__Work instruction__. Copy each line of the records below that has "Flat" in it.

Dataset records
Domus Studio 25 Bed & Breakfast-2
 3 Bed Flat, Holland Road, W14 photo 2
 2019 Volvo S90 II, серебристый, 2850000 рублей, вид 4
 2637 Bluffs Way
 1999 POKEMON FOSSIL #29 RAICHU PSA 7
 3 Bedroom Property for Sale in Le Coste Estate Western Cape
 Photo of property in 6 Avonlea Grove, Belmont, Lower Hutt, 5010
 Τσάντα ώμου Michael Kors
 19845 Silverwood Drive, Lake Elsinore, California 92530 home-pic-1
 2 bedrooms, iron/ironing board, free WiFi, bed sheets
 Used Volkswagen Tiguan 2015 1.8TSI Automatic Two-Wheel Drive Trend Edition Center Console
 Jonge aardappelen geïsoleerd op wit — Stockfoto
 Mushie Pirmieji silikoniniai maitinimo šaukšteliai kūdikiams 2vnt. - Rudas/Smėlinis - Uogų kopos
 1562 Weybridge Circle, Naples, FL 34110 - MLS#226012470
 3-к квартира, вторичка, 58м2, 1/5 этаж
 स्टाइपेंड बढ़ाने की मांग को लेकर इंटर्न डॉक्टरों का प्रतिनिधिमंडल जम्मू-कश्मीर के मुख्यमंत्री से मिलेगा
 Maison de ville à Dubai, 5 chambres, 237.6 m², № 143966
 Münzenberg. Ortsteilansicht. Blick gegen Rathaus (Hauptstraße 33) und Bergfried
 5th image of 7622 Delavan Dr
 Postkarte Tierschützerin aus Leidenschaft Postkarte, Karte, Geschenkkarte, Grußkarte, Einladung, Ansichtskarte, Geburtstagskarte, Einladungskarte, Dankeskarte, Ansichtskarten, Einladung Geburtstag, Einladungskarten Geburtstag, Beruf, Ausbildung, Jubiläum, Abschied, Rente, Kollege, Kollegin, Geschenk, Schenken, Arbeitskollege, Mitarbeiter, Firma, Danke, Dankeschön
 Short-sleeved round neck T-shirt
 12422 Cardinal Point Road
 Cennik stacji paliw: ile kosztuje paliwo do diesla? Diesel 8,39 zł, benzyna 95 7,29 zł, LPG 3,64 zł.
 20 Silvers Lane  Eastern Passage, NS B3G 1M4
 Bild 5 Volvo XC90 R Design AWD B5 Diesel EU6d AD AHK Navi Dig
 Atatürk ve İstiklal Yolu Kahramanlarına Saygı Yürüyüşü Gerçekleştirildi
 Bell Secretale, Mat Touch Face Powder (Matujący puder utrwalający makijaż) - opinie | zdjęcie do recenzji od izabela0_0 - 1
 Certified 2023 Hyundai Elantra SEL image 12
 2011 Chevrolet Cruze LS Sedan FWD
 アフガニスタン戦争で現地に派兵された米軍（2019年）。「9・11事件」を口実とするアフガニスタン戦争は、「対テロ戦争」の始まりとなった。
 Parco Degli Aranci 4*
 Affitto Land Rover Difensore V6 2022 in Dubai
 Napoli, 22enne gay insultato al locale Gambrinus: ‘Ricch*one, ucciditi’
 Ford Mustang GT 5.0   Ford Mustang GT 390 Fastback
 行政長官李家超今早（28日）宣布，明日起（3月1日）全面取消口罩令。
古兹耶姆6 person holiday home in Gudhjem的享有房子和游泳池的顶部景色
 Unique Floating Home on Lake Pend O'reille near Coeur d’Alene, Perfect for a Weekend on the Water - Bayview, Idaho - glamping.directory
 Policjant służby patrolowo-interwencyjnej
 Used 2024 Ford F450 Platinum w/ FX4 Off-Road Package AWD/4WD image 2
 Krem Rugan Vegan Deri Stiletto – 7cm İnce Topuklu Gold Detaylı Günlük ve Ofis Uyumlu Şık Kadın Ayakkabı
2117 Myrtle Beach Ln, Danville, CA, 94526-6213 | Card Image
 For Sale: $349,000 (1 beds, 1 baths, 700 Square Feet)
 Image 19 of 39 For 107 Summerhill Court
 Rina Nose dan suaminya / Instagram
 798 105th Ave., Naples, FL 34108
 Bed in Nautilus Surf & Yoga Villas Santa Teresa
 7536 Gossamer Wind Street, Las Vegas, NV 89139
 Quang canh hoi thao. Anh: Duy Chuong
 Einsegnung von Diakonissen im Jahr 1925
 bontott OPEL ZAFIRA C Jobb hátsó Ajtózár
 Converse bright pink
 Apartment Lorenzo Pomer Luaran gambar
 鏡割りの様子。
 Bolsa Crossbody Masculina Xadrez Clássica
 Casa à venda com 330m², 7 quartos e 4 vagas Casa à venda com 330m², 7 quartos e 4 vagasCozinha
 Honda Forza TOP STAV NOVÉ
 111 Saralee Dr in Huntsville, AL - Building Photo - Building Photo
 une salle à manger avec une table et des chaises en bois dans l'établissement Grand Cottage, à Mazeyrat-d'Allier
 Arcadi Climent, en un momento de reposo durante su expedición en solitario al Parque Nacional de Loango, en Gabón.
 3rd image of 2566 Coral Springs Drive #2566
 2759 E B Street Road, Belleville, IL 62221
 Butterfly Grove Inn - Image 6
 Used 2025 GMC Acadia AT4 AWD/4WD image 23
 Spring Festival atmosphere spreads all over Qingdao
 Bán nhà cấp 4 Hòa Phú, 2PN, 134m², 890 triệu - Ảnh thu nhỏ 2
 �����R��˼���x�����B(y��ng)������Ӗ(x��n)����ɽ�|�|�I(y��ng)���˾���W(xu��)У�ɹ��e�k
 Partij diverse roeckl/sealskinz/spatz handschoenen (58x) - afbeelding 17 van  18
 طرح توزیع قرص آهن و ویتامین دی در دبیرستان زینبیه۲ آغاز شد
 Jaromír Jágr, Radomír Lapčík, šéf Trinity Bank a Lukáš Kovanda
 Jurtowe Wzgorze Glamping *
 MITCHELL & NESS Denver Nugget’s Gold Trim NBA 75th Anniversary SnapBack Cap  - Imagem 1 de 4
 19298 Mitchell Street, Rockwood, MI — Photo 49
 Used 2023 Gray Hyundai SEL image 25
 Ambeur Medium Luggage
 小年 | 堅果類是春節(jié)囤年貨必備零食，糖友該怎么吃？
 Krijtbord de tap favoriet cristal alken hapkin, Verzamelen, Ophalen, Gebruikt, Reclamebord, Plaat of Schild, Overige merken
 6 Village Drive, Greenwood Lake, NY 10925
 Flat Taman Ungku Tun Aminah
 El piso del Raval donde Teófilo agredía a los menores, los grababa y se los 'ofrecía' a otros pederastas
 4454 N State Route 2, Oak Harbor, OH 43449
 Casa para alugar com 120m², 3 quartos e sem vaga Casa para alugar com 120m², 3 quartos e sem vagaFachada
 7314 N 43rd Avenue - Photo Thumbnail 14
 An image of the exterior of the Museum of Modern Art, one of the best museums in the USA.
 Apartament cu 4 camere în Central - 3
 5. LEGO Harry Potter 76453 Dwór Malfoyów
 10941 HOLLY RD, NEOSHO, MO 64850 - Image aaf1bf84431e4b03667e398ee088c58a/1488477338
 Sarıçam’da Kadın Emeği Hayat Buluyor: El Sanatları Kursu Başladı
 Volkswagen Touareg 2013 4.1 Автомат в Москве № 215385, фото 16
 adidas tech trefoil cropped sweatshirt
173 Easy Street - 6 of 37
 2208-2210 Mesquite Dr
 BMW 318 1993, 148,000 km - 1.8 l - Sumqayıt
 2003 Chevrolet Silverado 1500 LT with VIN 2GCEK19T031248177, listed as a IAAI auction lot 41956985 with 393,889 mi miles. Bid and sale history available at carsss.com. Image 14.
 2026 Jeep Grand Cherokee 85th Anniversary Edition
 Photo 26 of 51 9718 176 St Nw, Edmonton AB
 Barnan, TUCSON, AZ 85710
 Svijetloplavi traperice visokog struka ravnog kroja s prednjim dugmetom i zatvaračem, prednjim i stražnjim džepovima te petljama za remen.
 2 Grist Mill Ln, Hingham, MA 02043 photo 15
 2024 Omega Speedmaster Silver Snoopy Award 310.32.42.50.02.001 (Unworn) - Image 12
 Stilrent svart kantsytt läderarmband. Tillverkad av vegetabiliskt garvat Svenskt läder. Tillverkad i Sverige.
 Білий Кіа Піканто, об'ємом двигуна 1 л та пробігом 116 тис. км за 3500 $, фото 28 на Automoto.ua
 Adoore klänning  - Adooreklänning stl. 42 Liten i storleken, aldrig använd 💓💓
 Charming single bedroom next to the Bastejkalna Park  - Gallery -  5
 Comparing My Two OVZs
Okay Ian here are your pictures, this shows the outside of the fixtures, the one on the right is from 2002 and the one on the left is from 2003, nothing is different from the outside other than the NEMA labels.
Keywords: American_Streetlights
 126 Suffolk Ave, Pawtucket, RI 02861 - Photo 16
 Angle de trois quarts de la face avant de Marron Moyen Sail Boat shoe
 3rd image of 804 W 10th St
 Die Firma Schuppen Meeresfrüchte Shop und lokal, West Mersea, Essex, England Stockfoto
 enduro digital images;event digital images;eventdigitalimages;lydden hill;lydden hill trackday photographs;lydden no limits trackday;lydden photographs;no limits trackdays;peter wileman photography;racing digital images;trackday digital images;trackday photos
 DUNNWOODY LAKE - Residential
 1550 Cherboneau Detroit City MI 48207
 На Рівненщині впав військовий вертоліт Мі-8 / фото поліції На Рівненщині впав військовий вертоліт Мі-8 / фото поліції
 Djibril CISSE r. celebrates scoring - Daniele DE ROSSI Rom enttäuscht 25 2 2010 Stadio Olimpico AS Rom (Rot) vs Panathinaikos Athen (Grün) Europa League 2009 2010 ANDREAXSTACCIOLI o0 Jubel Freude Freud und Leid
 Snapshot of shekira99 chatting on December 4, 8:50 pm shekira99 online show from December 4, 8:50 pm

__Answer to this problem__.
 3 Bed Flat, Holland Road, W14 photo 2
 Flat Taman Ungku Tun Aminah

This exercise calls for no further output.